(Source data)
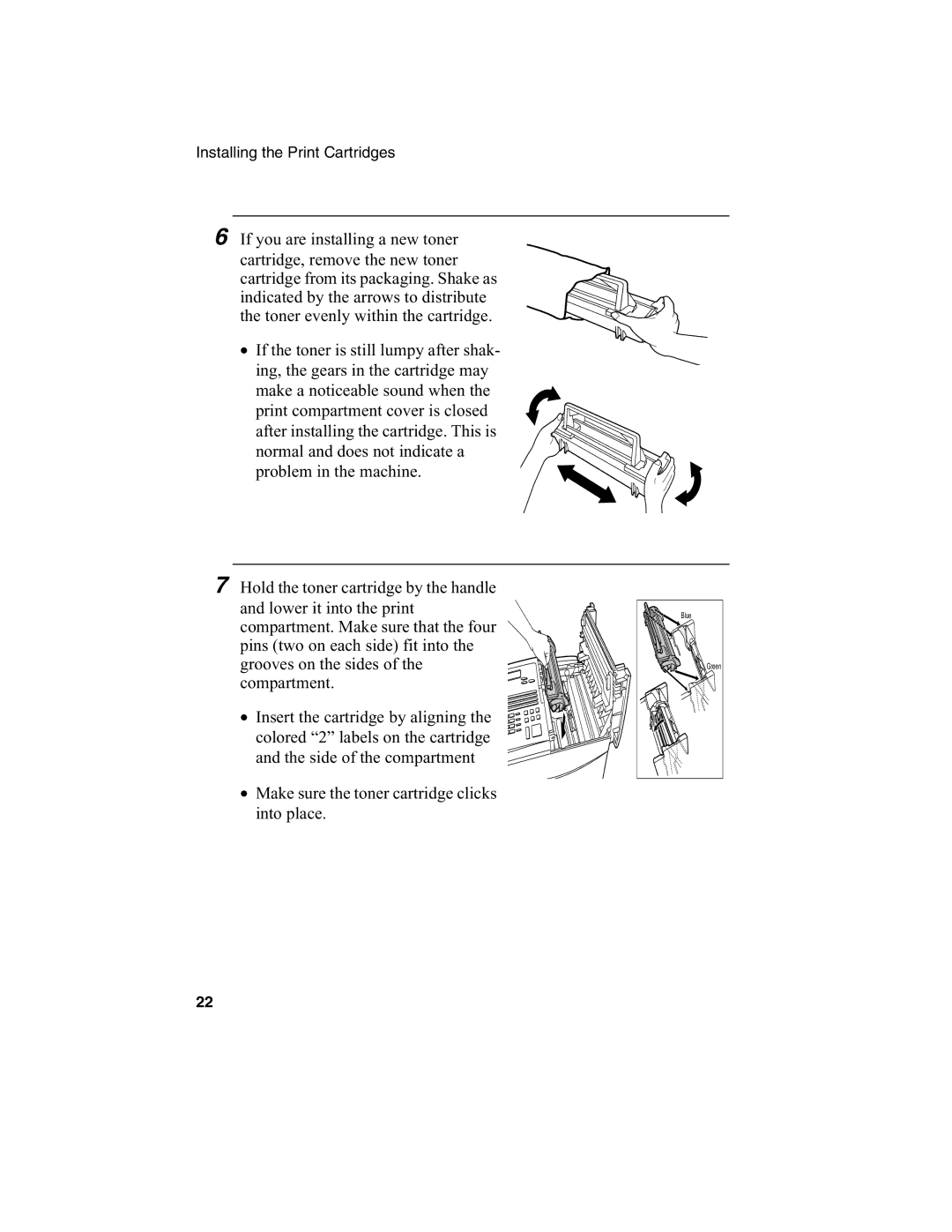 Sharp FO-4970, FO-4650 operation manual Blue Green 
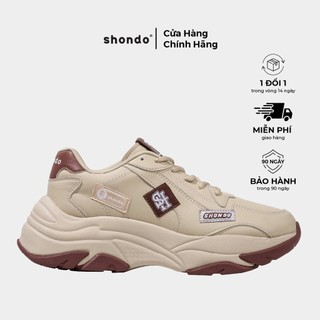 Giày shondo chunky s1 stamp be nâu chn2929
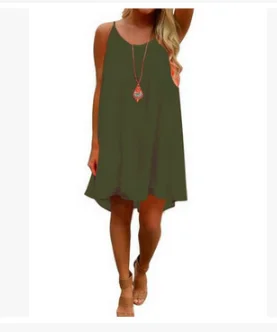 Women beach dress fluorescence female summer dress women chiffon voile women dress summer style women clothing plus size S-3XL Army Green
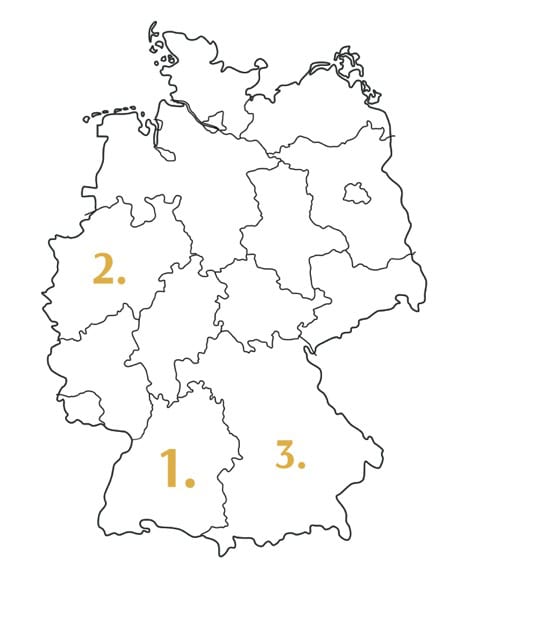 Gebetskarte mit Deutschlandkarte, christliche Marken, religiöse Symbole, spirituelle Inspiration.
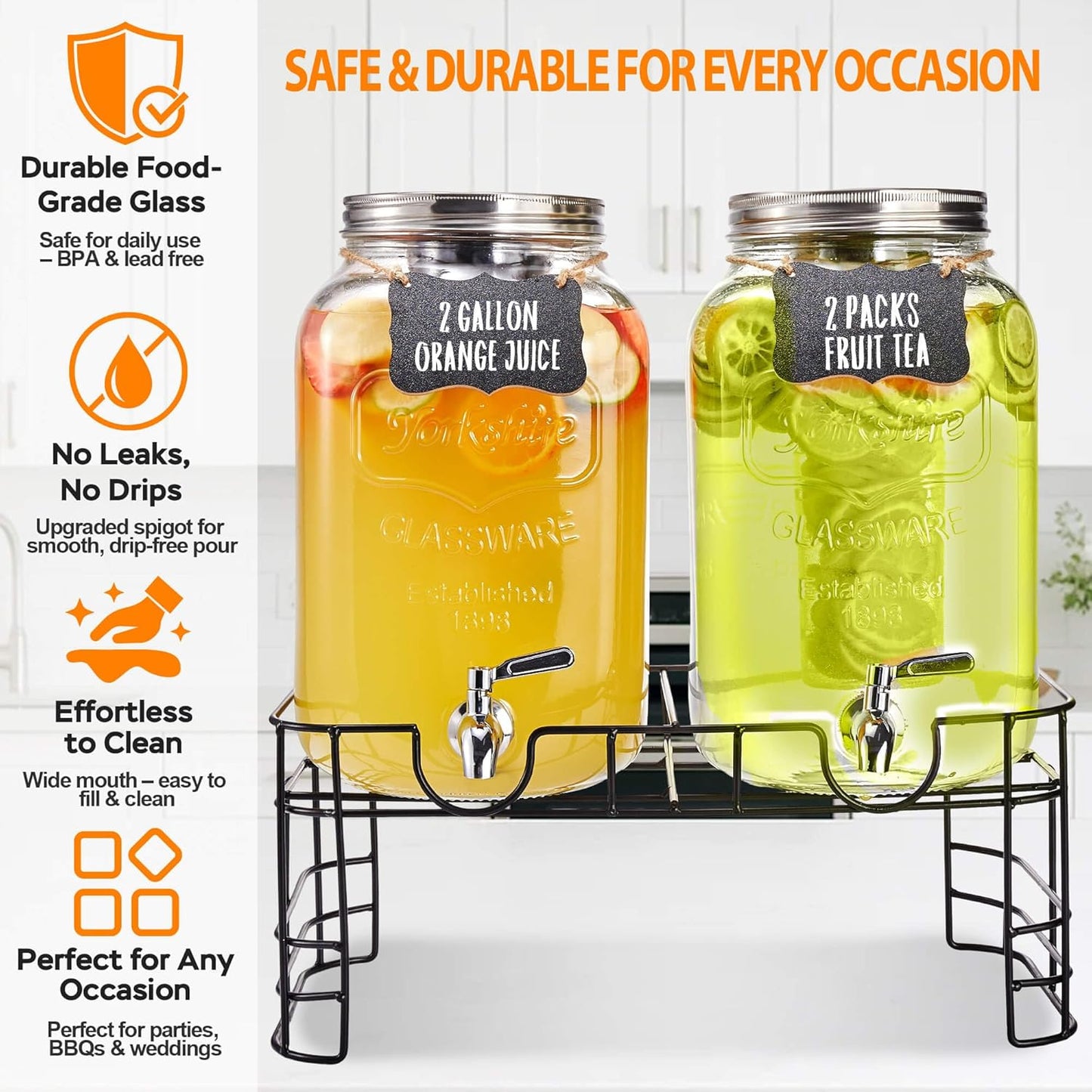 2 Gallon Glass Drink Dispenser for Parties, 2 Pack Beverage Dispenser with Stand, Lemonade Dispenser with 18/8 Stainless Steel Spigot, Leakproof for Sun Tea, Juice, Picnic, BBQ & Bars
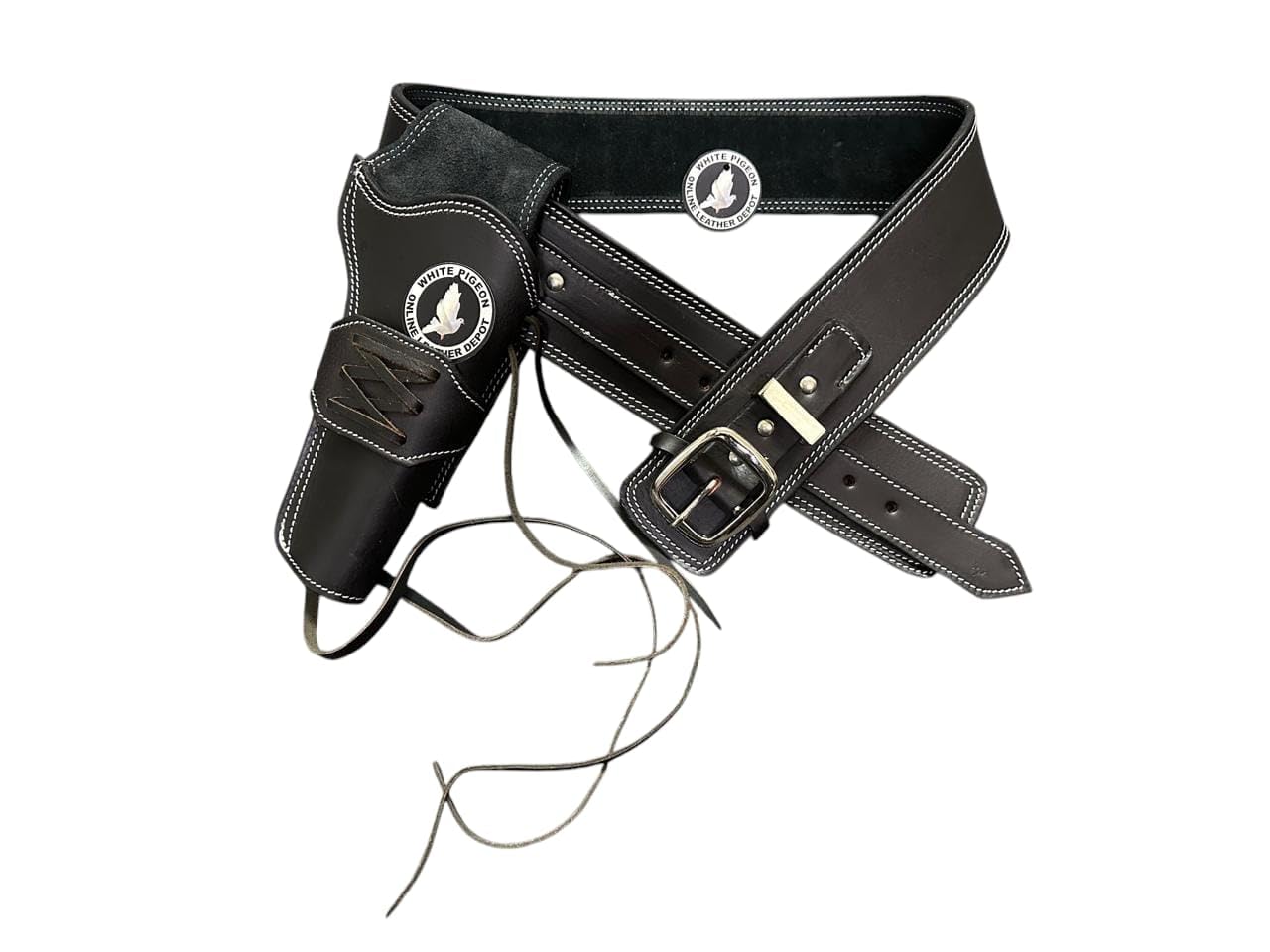 Western Rigs Holster Cowboy Tooled Leather Holsters Revolver Cover Pistol Case Ammo Cartridge Belt 44. 45. (Black Left Hand, Size 5 (46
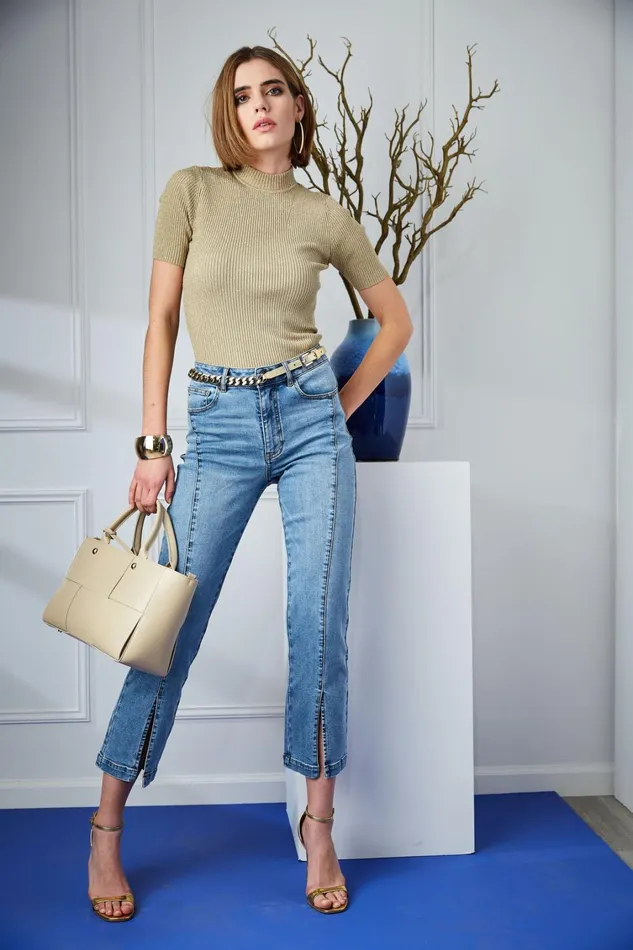 Elie Tahari Pants Slit Front Denim Pant Blue Nile 8211 Women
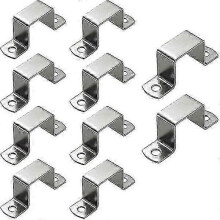 10 abrazaderas de tubo cuadrado de acero inoxidable de 50 mm con soporte en forma de U, compatibles con estructuras metálicas.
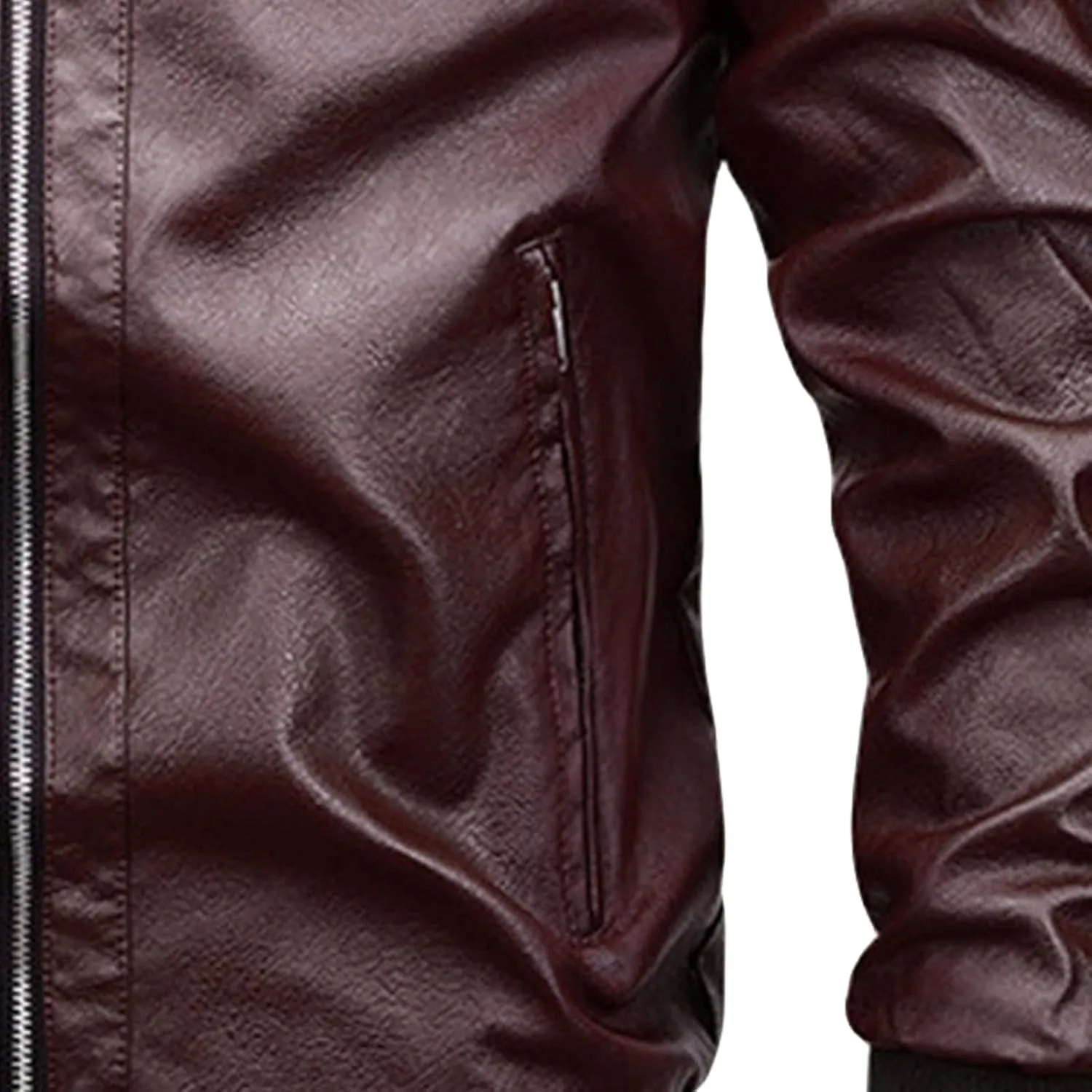 Men's Casual Leather Jacket Men Ribbed Collar Lightweight Biker Leather Coat Male Slim Faux Leather Bomber Jacket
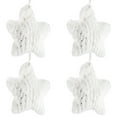 thumbnail image 4 of Northlight Faux Fur Plush Star Christmas Ornaments - 4.75" - White - Set of 4, 4 of 7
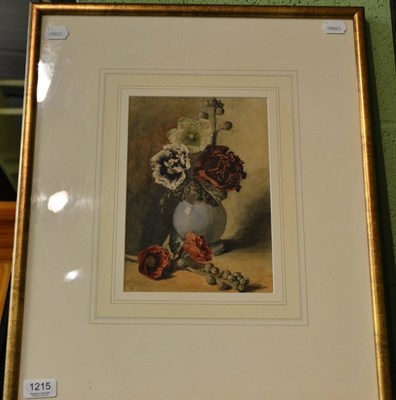 Lot 1215 - Attributed to James Holland (1799-1870) ";Hollyhocks"; bears affixed original inscriptions...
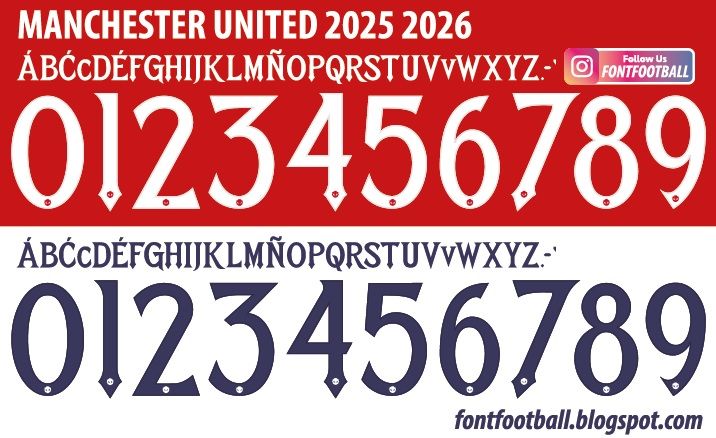 Font Vector Manchester United 2025 2026 kit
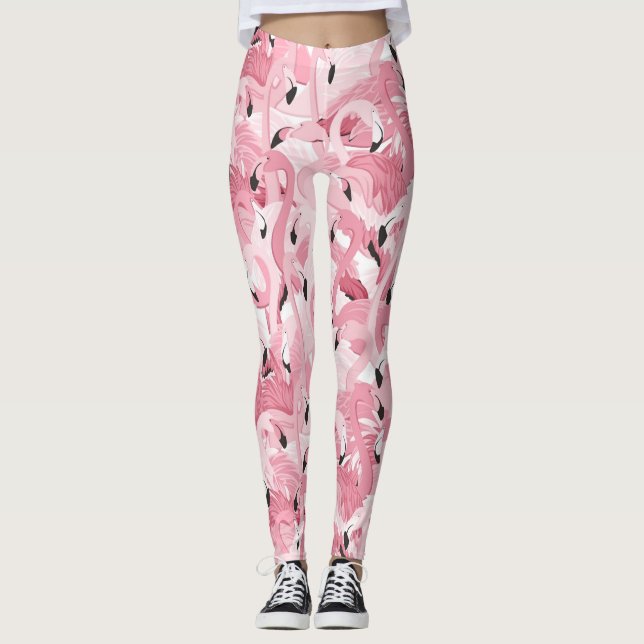 nahtloses Muster mit exotischen rosa Flamingos Leggings (Vorderseite)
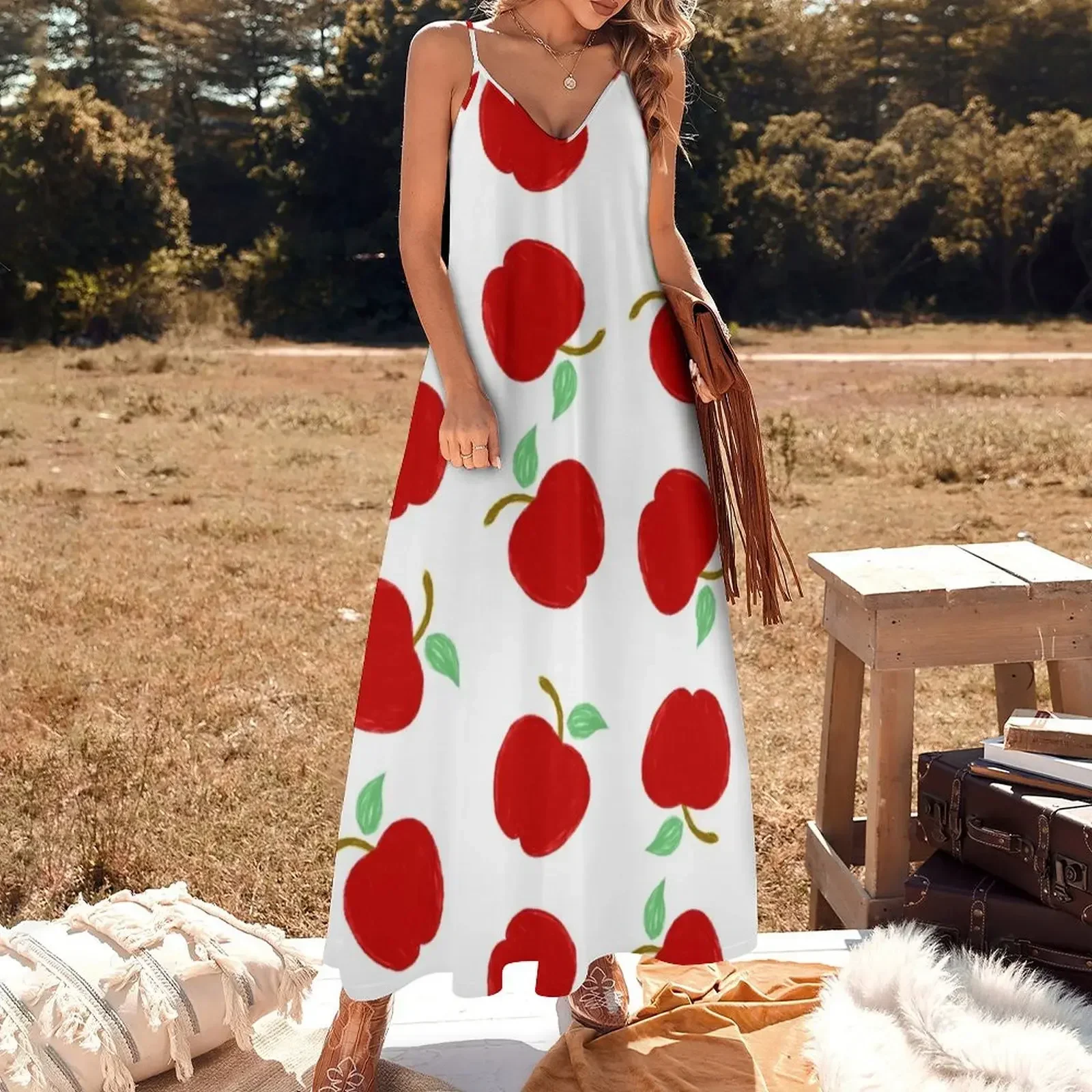 Cute Apples Sleeveless Dress Dress vintage women clothes Dress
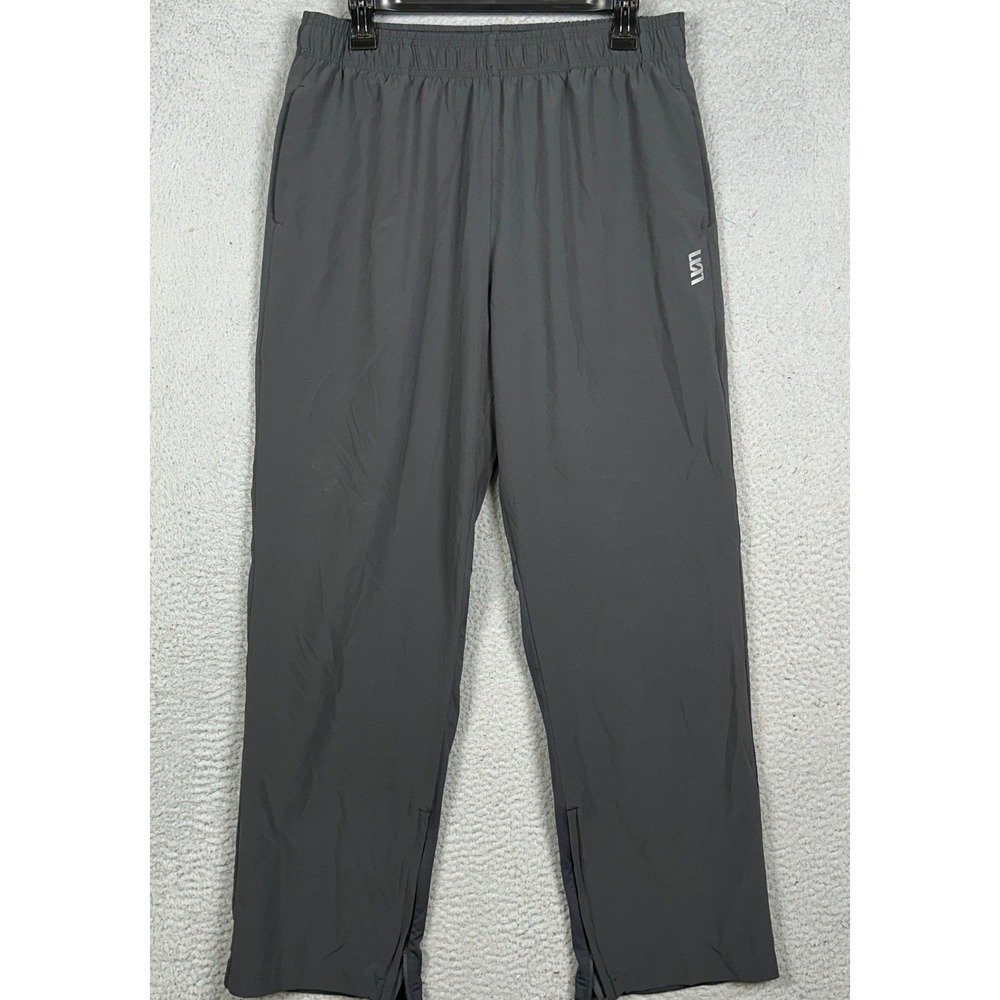 Second Skin Pants Mens Large Dark Grey Athletic Training Ankle Zip Stretch Waist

**PROBLEM DETAILS:**
A faithful, complete copy of the entries is required, without the pictures.

**RESPONSE TO THE EXERCISE:**
 Sharp FO-4970, FO-4650 operation manual Blue Green 
 Giày shondo chunky s1 stamp be nâu chn2929
 Women beach dress fluorescence female summer dress women chiffon voile women dress summer style women clothing plus size S-3XL Army Green
 Gebetskarte mit Deutschlandkarte, christliche Marken, religiöse Symbole, spirituelle Inspiration.
 2 Gallon Glass Drink Dispenser for Parties, 2 Pack Beverage Dispenser with Stand, Lemonade Dispenser with 18/8 Stainless Steel Spigot, Leakproof for Sun Tea, Juice, Picnic, BBQ & Bars
 Western Rigs Holster Cowboy Tooled Leather Holsters Revolver Cover Pistol Case Ammo Cartridge Belt 44. 45. (Black Left Hand, Size 5 (46
 Elie Tahari Pants Slit Front Denim Pant Blue Nile 8211 Women
 10 abrazaderas de tubo cuadrado de acero inoxidable de 50 mm con soporte en forma de U, compatibles con estructuras metálicas.
 Men's Casual Leather Jacket Men Ribbed Collar Lightweight Biker Leather Coat Male Slim Faux Leather Bomber Jacket
 thumbnail image 4 of Northlight Faux Fur Plush Star Christmas Ornaments - 4.75" - White - Set of 4, 4 of 7
 Lot 1215 - Attributed to James Holland (1799-1870) ";Hollyhocks"; bears affixed original inscriptions...
 Font Vector Manchester United 2025 2026 kit
 nahtloses Muster mit exotischen rosa Flamingos Leggings (Vorderseite)
 Cute Apples Sleeveless Dress Dress vintage women clothes Dress
 Second Skin Pants Mens Large Dark Grey Athletic Training Ankle Zip Stretch Waist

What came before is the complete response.